The Defense Department needs innovation now — and too often the best new technology from America's small business innovators dies before it can become a program of record for the military, said the undersecretary of defense for research and engineering.
Heidi Shyu said the DOD spends over $2 billion annually on Small Business Innovation Research, or SBIR, in a variety of technology areas.
"I'm personally engaging with small businesses, small business roundtables to understand the impediments in doing business with them and what are the impediments that they see that we can help them out [with] in terms of removing the roadblocks," said Shyu said yesterday at the National Defense Industrial Association's science and technology conference in Hawaii.
One road block the department hopes to overcome involves how some technologies that originate in small business are unable to make it to fruition due to lack of funding.
"We are submitting a legislative proposal to enable more funding of multiple tranches of Phase II funding," she said. "Phase I funding is usually pretty small, $50 to $75k over a period of six months — basically to flesh out your concept."
The second phase, she said, is for a small business to think about developing a prototype. She said funding there typically ranges around $1.5 million dollars.
"After Phase II, SBIR ends," she said. "Phase III is up to the program of record, the services, to fund, so they have to catch the football. The problem here is typically the technology's not mature enough at a [technology readiness level] six to enable a successful transition into a program of record."
What that means, she said, is that promising technology might make it through Phase II, but never make it to Phase III — adoption by a military service — because it's not quite ready yet to make that transition. So, any hope a small business might have of putting their new technology into the hands of service members comes to an end.
"What I would like to do is have Congress approve to allow us to form multiple tranches of funding — Phase IIa, Phase IIb, Phase IIc — so we can continue to mature the technology and bridge over, I call it 'the valley of death,' for small companies," she said. "This way we have a much higher probability of helping them to transition into a program of record."
Shyu also said the office of research and engineering is redesigning its website to make it easier for small businesses with ideas to make inroads with DOD.

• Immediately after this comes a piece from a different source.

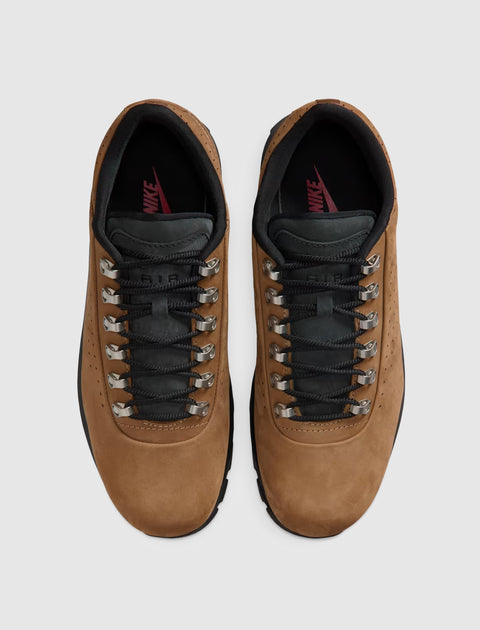 Brown suede low-top sneakers with black laces and metal eyelets, top view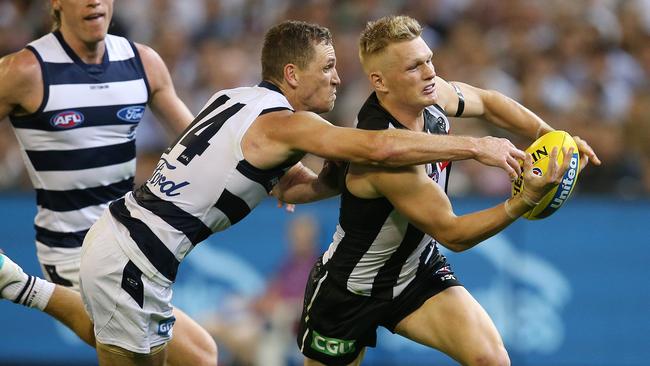 Collingwood’s Adam Treloar is under pressure from Joel Selwood. Picture: Michael Klein.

"We are also in the process of rebuilding the USD [undersecretary of defense] R&E [research and engineering] website ... to help small business, especially, to navigate the Byzantine DOD," she said. "A lot of the small businesses, they have no idea who to even go talk to ... it's this giant wall in front of them. And, hopefully, once we get our website up and running, they can be able to Google and input whatever product that they have to help them figure out who to go talk to."